Automating patching with AWS Systems Manager

·1134 words·6 mins
Sebastiaan Brozius
Author
Sebastiaan Brozius

The code that accompanies this blogpost can be found here

Recently I’ve been looking into patching Windows servers that have dependencies between them, using AWS Systems Manager.

The use-case was an application that exists of web servers, middleware servers and a database server.

Application diagram

The web servers have connections open to the database server, and the middleware servers run processes that get information from the database server.

The servers were patched manually, by stopping the services on the web servers and middleware servers first and checking that all middleware services were stopped, before stopping the databases. Once that was done, the servers were updated. After patching, the databases were first brought back online, before starting the middleware services and the web services again.

To set this up, I created some PowerShell scripts (with a little bit of SSM variable flavour) to be run on the instances to stop and start the services, as well as checking the services before continuing to the next step. These scripts were put as SSM documents, to be called from an automation document.
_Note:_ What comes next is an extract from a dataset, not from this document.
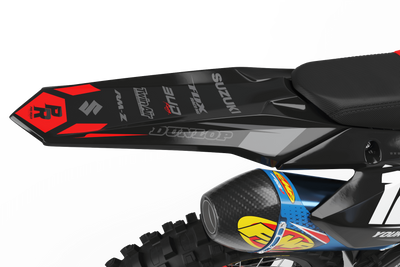SUZUKI Graphics Kit BUD RACING Black And Red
Example script (Start-Components.ps1):

try {
  $_serverRole = "{{ServerRole}}" # This is an SSM variable reference
  $_fqdn = "$((Get-WmiObject Win32_ComputerSystem).DNSHostName).$((Get-WmiObject Win32_ComputerSystem).Domain)"
  Write-Output "[INF] Starting Components on $($_fqdn) with server role '$_serverRole'"

  switch ($_serverRole) {
    Web { 
      Write-Output "[INF] Setting Startup Type for web services where the current StartType is Manual to Automatic and starting them."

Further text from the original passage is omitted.